Quote the records that follow in full, leaving the pictures out.

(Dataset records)
++++

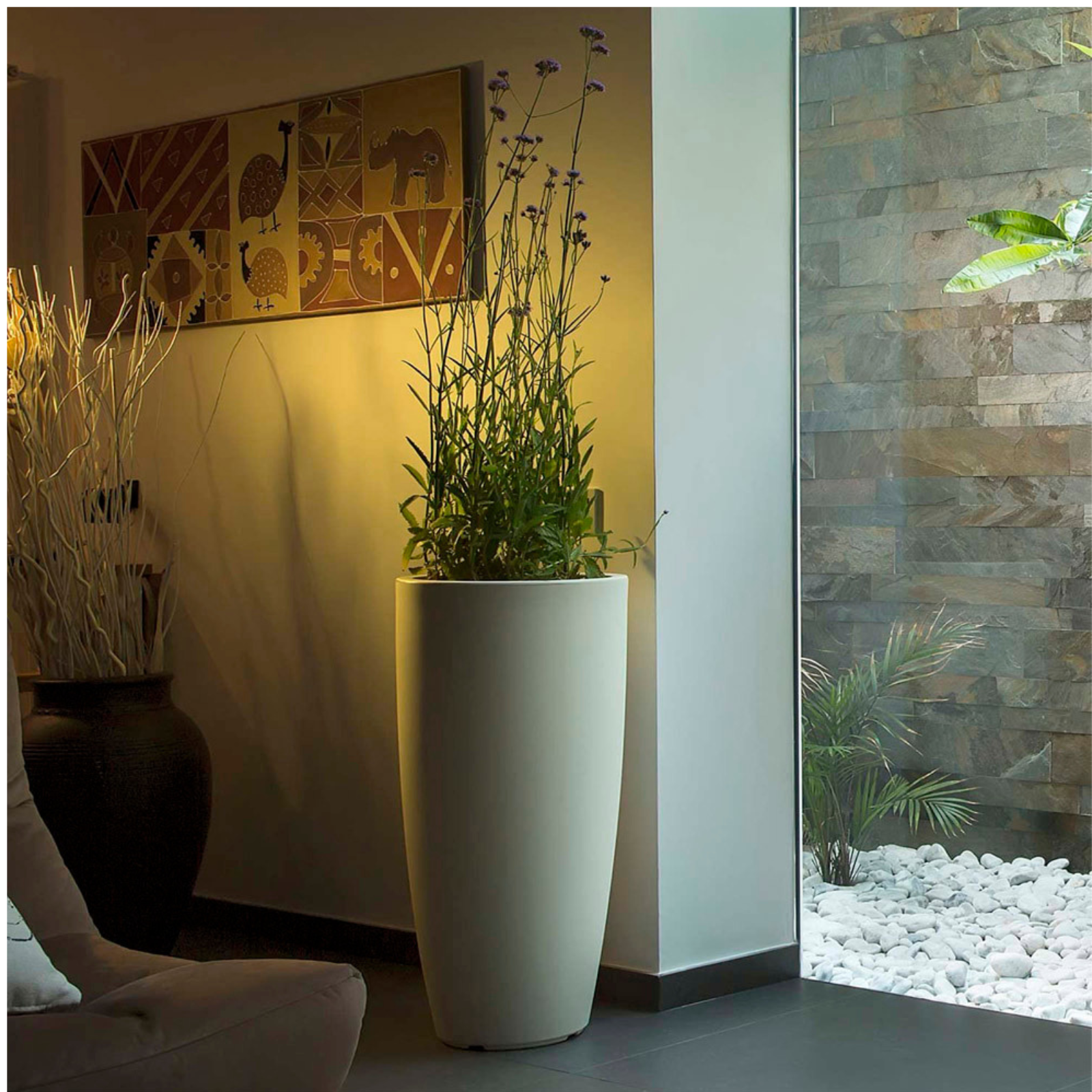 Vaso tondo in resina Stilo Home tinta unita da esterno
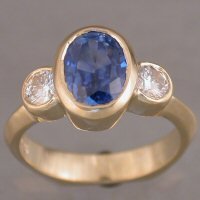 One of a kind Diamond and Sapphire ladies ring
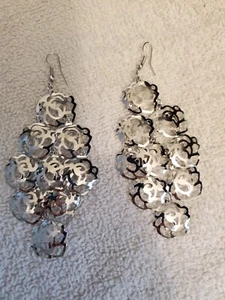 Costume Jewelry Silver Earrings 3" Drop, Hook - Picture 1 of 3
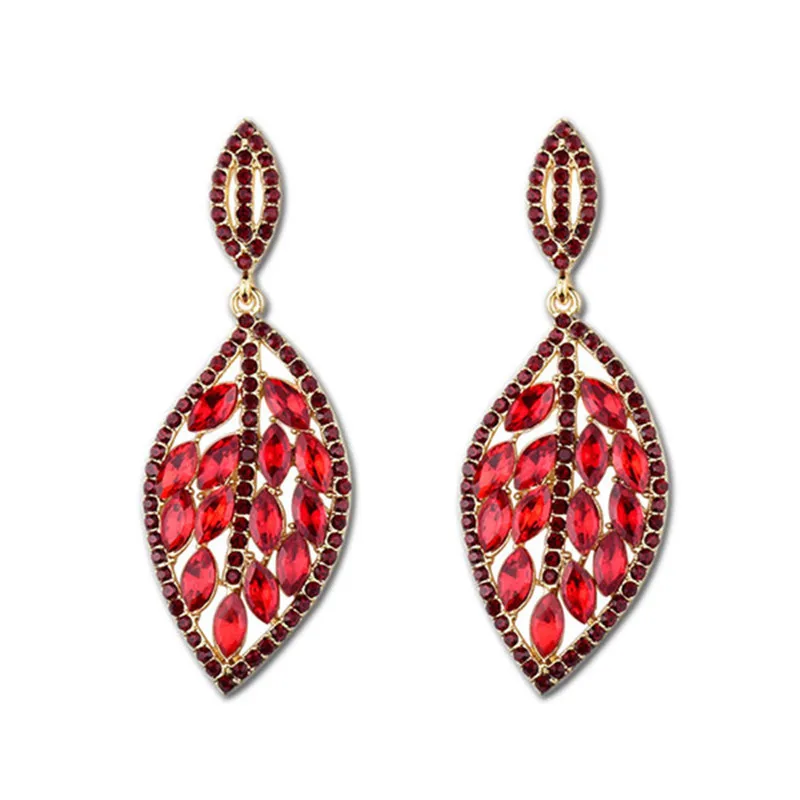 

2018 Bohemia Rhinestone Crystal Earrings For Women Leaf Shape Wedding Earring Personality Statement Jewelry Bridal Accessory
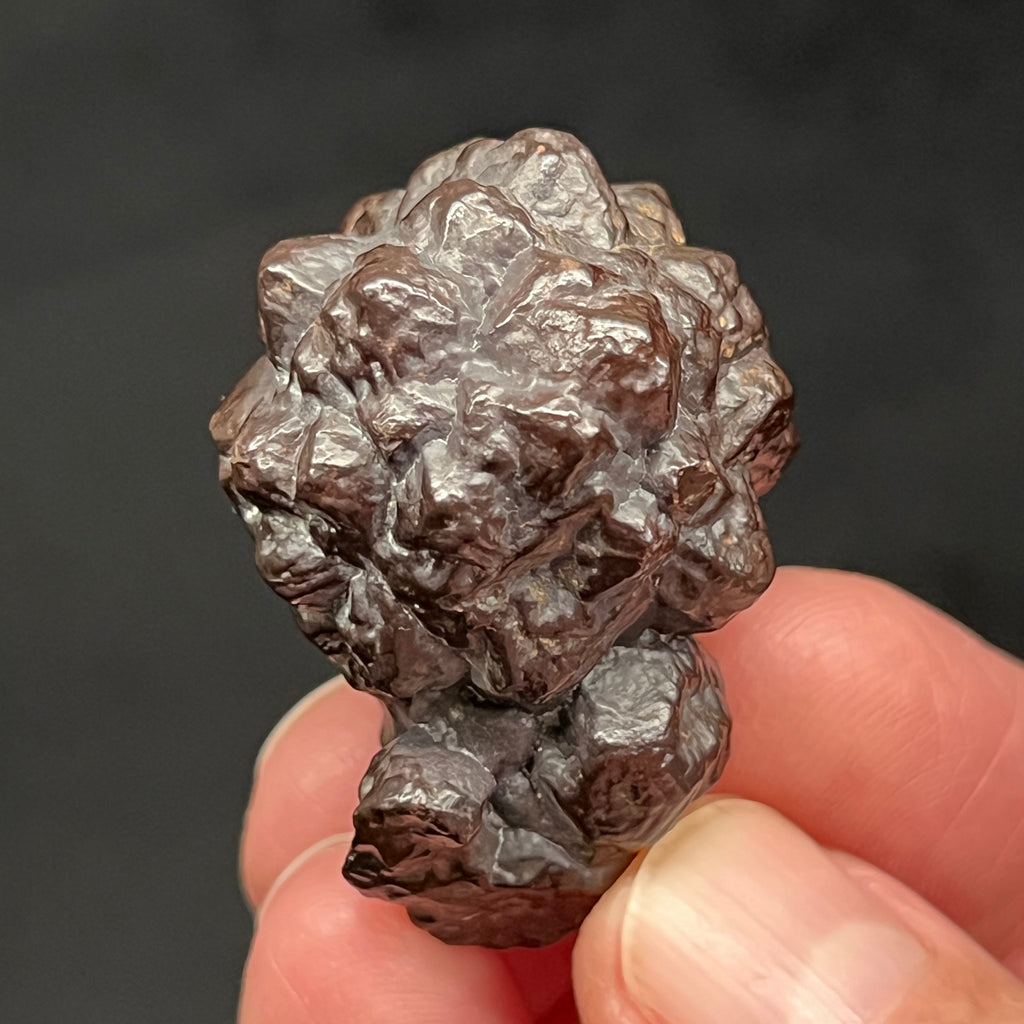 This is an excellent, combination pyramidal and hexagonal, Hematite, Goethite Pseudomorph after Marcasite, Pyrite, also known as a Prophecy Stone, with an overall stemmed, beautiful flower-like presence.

++++

» **Completed exercise**
 Vaso tondo in resina Stilo Home tinta unita da esterno
 One of a kind Diamond and Sapphire ladies ring
 Costume Jewelry Silver Earrings 3" Drop, Hook - Picture 1 of 3

2018 Bohemia Rhinestone Crystal Earrings For Women Leaf Shape Wedding Earring Personality Statement Jewelry Bridal Accessory
 This is an excellent, combination pyramidal and hexagonal, Hematite, Goethite Pseudomorph after Marcasite, Pyrite, also known as a Prophecy Stone, with an overall stemmed, beautiful flower-like presence.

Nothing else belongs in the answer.